*ASSIGNED TASK:* Transcribe exactly, and only, the lines from the one containing "Solgt!Montana-reol m/2 dører, mørk" through the end of the entries below, leaving the pictures out.

= = = = =

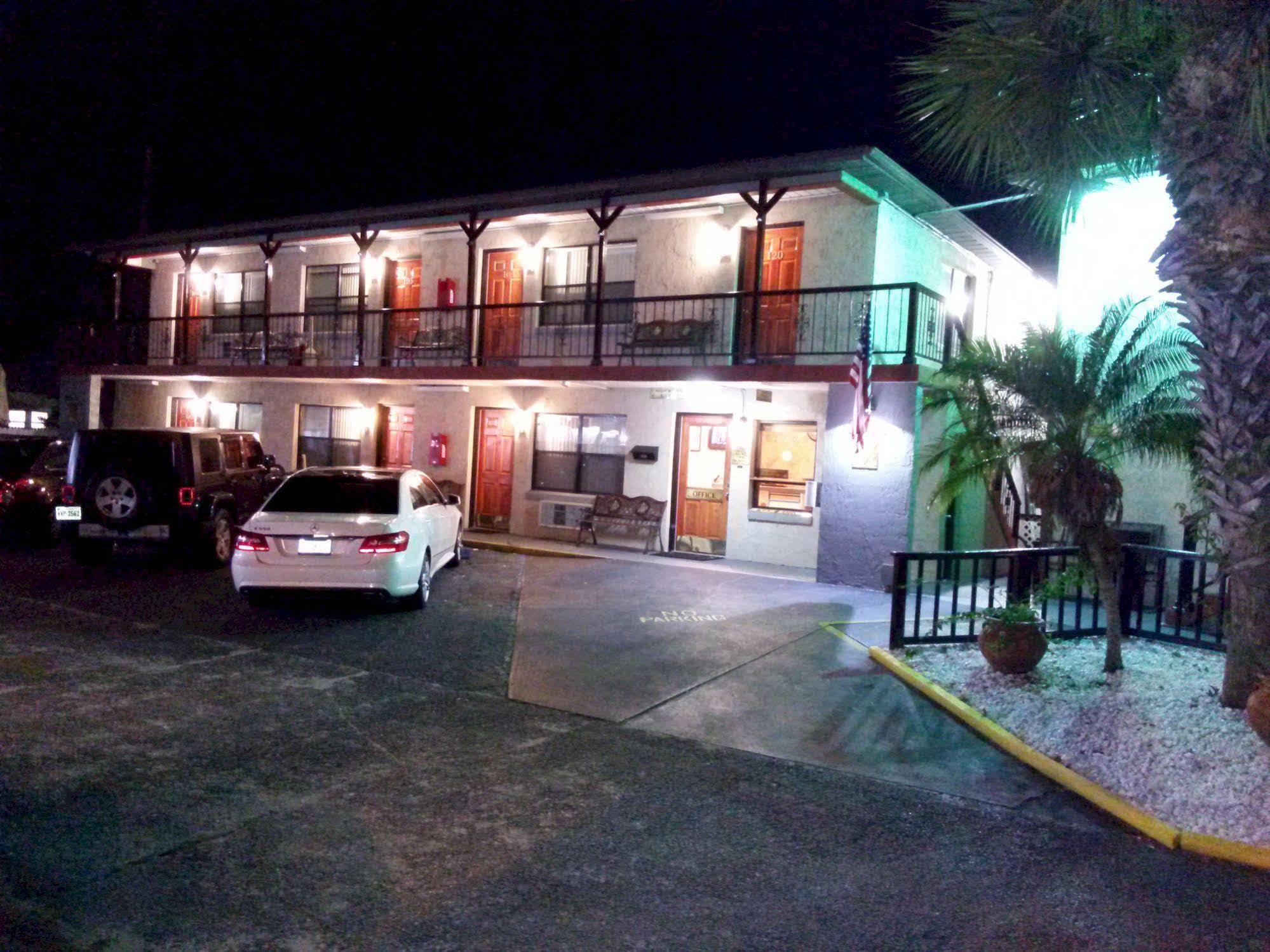 Merida Inn & Suites St. Augustine Extérieur photo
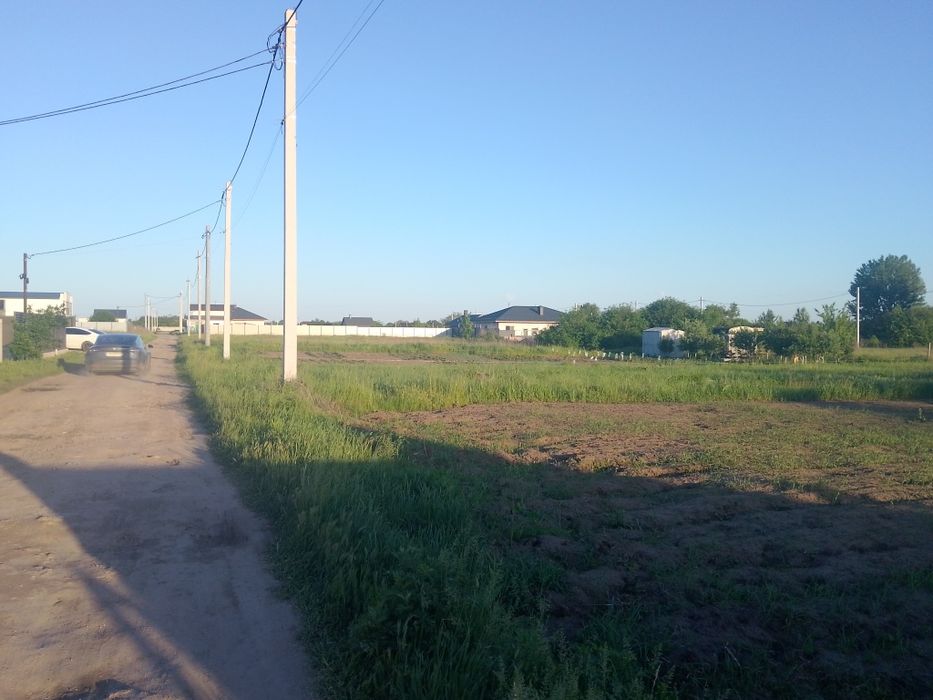 Земельна ділянка по пров. Малиновий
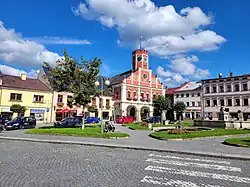 Masarykovo náměstí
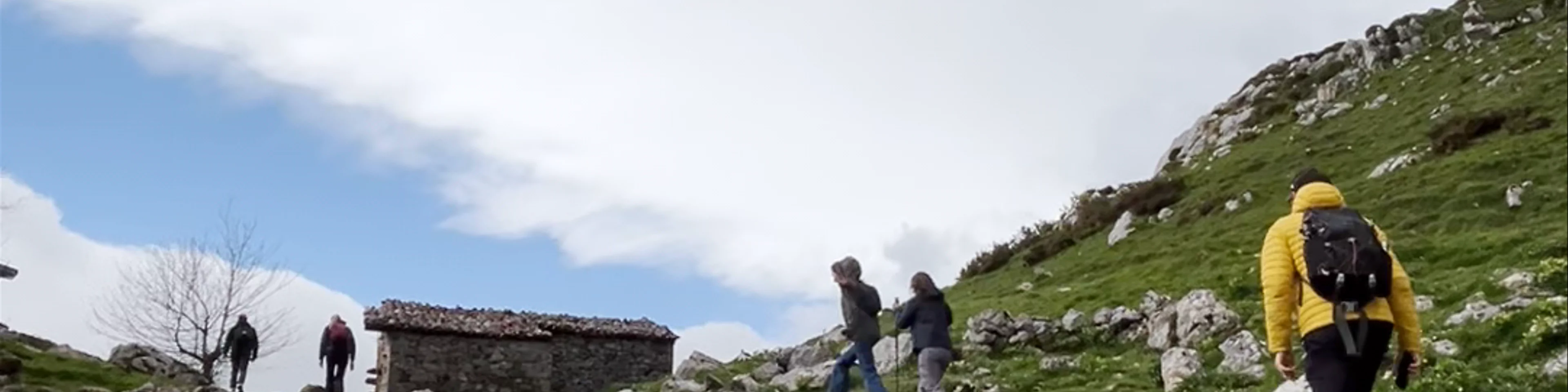 Lakes of Covadonga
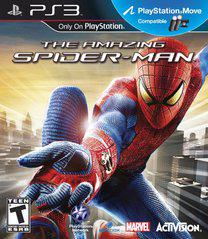 Amazing Spiderman 
        
            Playstation 3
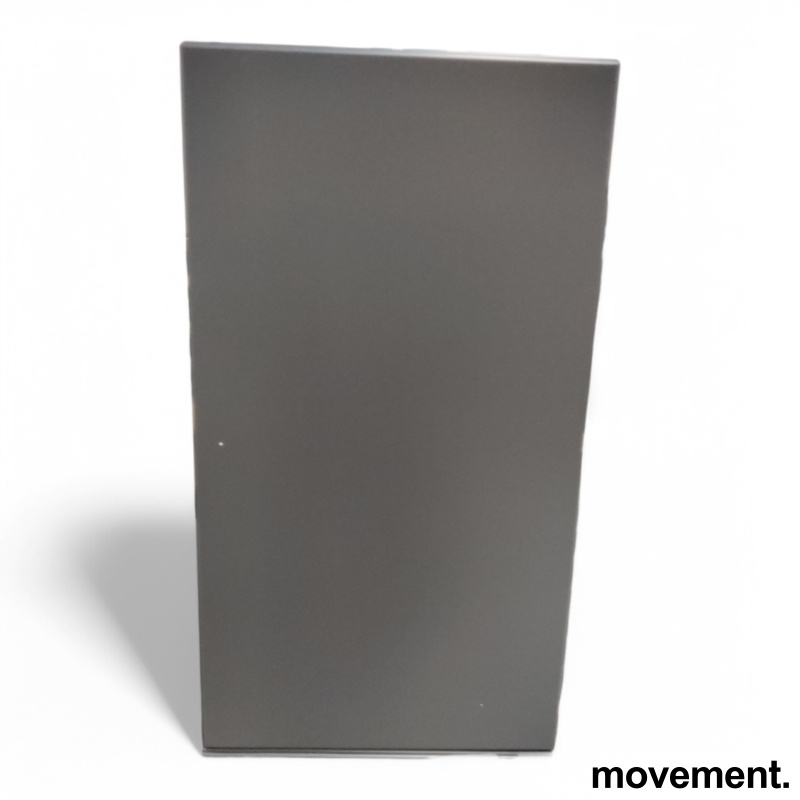 Solgt!Montana-reol m/2 dører, mørk grå - 6 / 6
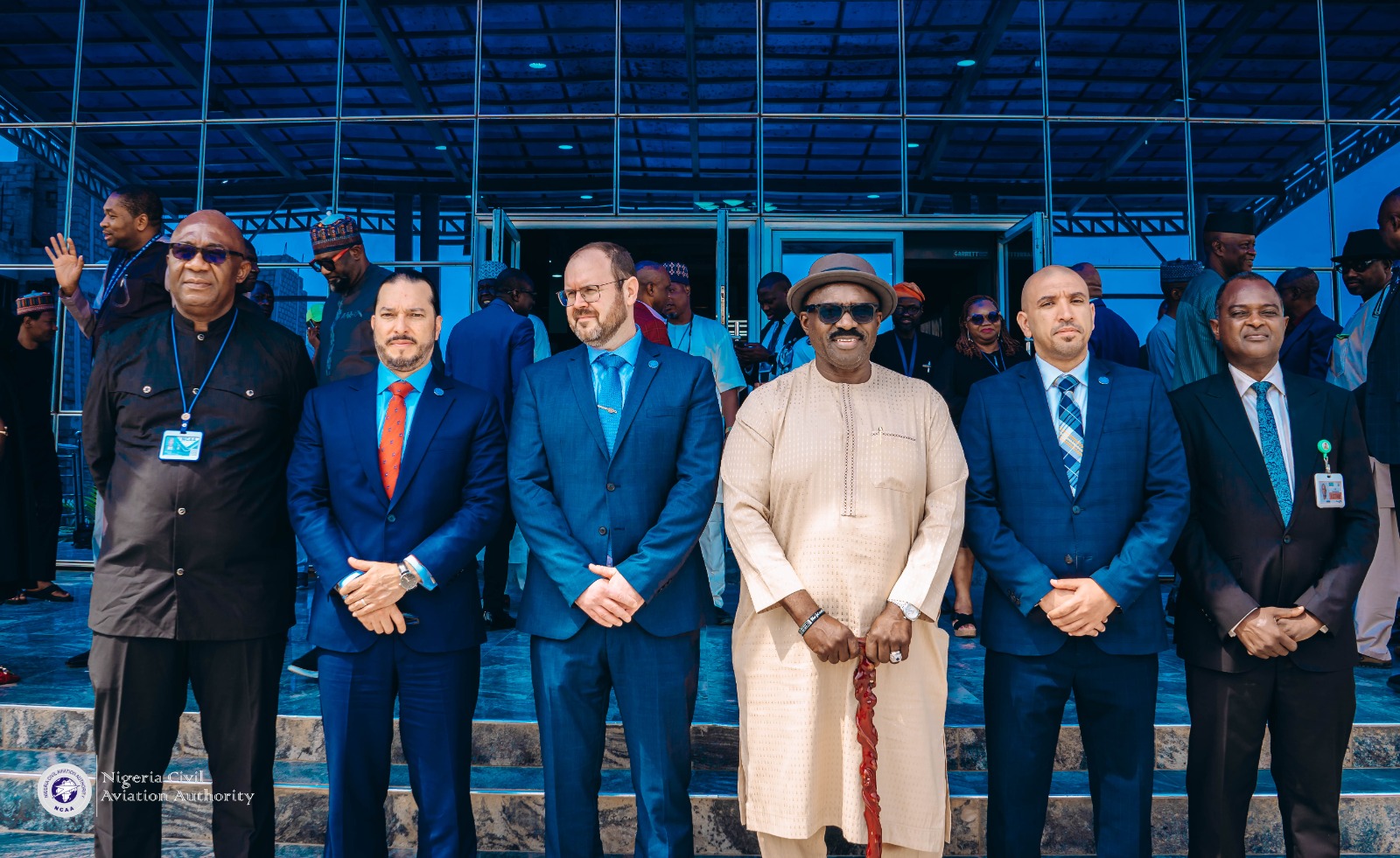 ICAO Audit Visit: NCAA Reels Out Resilient Safety Oversight Systems, Improved Safety Performance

= = = = =

*FINISHED EXERCISE:*
 Solgt!Montana-reol m/2 dører, mørk grå - 6 / 6
 ICAO Audit Visit: NCAA Reels Out Resilient Safety Oversight Systems, Improved Safety Performance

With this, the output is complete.